Личность Франциска несомненно обладала огромной «заразительностью». Этим свойством он отличался с юных лет — не случайно ведь у него получалось «убалтывать» покупателей гораздо лучше, чем у его отца — профессионального торговца. Между тем он вовсе не обладал яркими внешними данными. В «Цветочках» даже описан случай, как однажды, придя в какой-то городок, Франциск вместе со своим товарищем стал просить милостыню. Разделившись, они двинулись по разным улицам, и наш герой из-за своей заурядной внешности не привлек ничьего внимания и едва смог собрать несколько черствых корочек. А его товарищ, брат Маттео — «высокий и красивый, получил множество больших кусков хлеба и даже несколько целых хлебов».
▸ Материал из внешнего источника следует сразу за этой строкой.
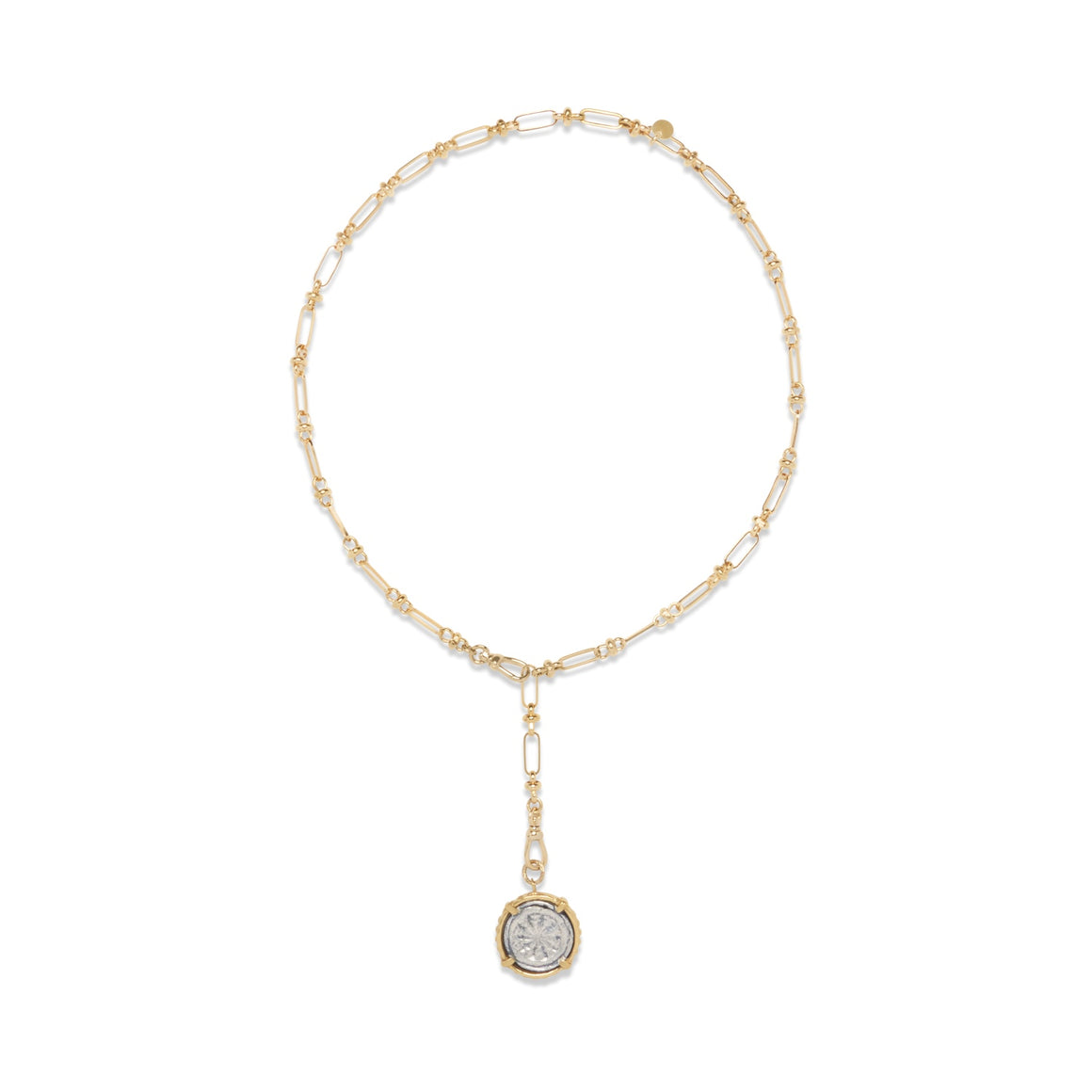 CIRCE Collier Médaille bicolore Argent & doré, chaîne esprit vintage, doré 24 cts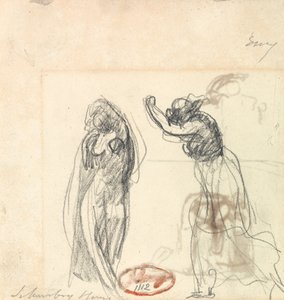 Två skisser av en kvinnlig figur av George Romney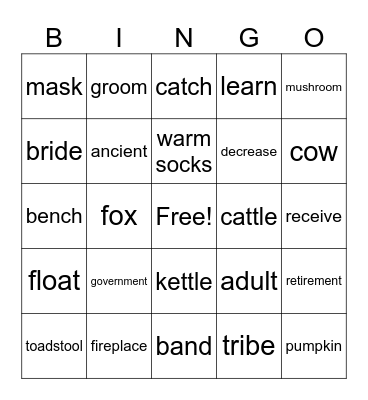 Life Teens Bingo Card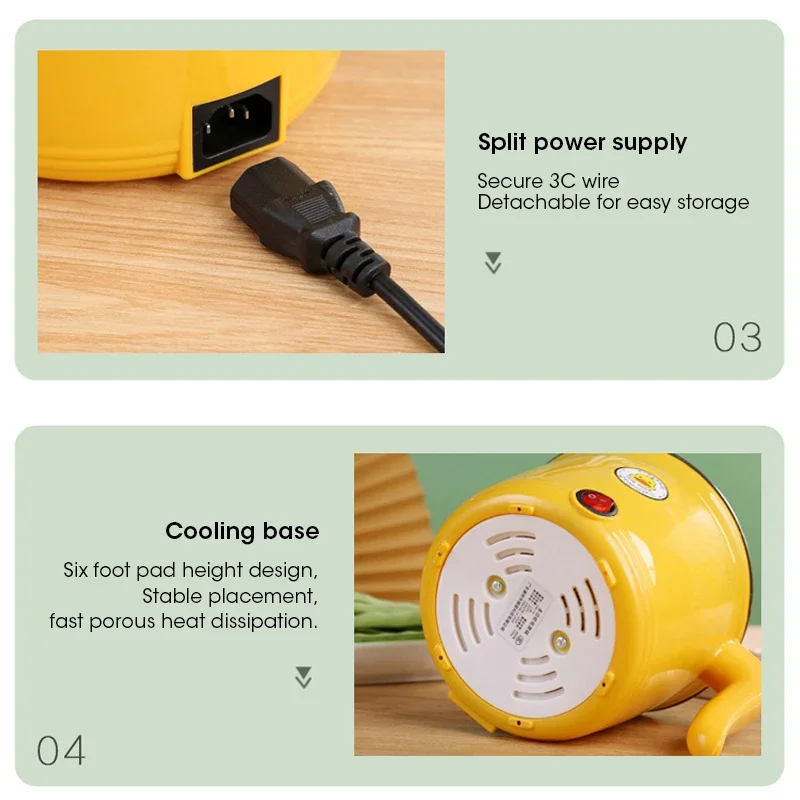 Olla caliente multifuncional de 1,8l para dormitorio de estudiantes, cocina eléctrica para fideos, olla para el hogar de acero inoxidable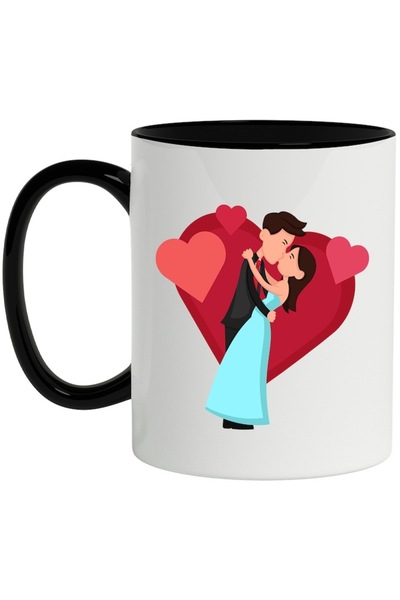 INOVATIX Cana alba personalizata, Sarut, Inima, Dans, Cuplu, cu Maner Negru, ...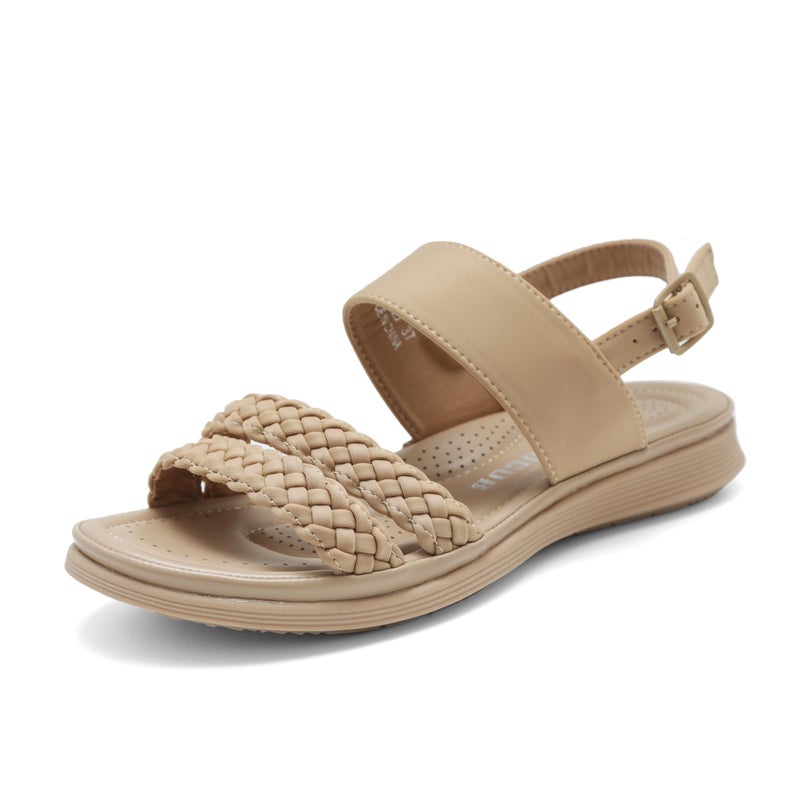 DUUCUB Women's Flat Sandals Ankle Strap Open Toe Summer Braided Sandal Beach Comfortable Platform Outdoor Slingback Dress Shoes Beige Size 9 - Image 4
В «Первом житии» Фомы Челанского есть весьма детальный портрет Франциска: «Человек красноречивейший, с улыбкой на устах, с ласковым взглядом, не ведающий лени, избавленный от прихотей. Он был среднего роста, скорее даже невысок, голова тоже была умеренной величины, округла, лицо слегка вытянутое и длинное, лоб гладкий и небольшой, глаза небольшие, черные и чистые, волосы темные, брови прямые, нос ровный, прямой и изящный, уши приподнятые, но небольшие, виски впалые, кроткий язык, огненный и отточенный, голос мощный и сладостный, ясный и звучный, зубы ровные, белые, плотным рядом, губы небольшие и тонко очерченные, бородка черная, не густо заросшая волосом, шея тонкая, плечи прямые, руки короткие, кисти нежные, пальцы длинные, ногти вытянутые, лодыжки узкие, ноги небольшие, кожа почти прозрачная, тело иссохшее, одежда жесткая, сон наикратчайший, рука ко всем щедрая».
Самые яркие штрихи этого портрета не относятся к внешним данным. Это — свойства языка — имеется в виду речь нашего героя. Это его характер и отношение к себе и другим людям. Из такого описания можно сделать вывод, что он преображался, начиная говорить, и производил большое впечатление на окружающих.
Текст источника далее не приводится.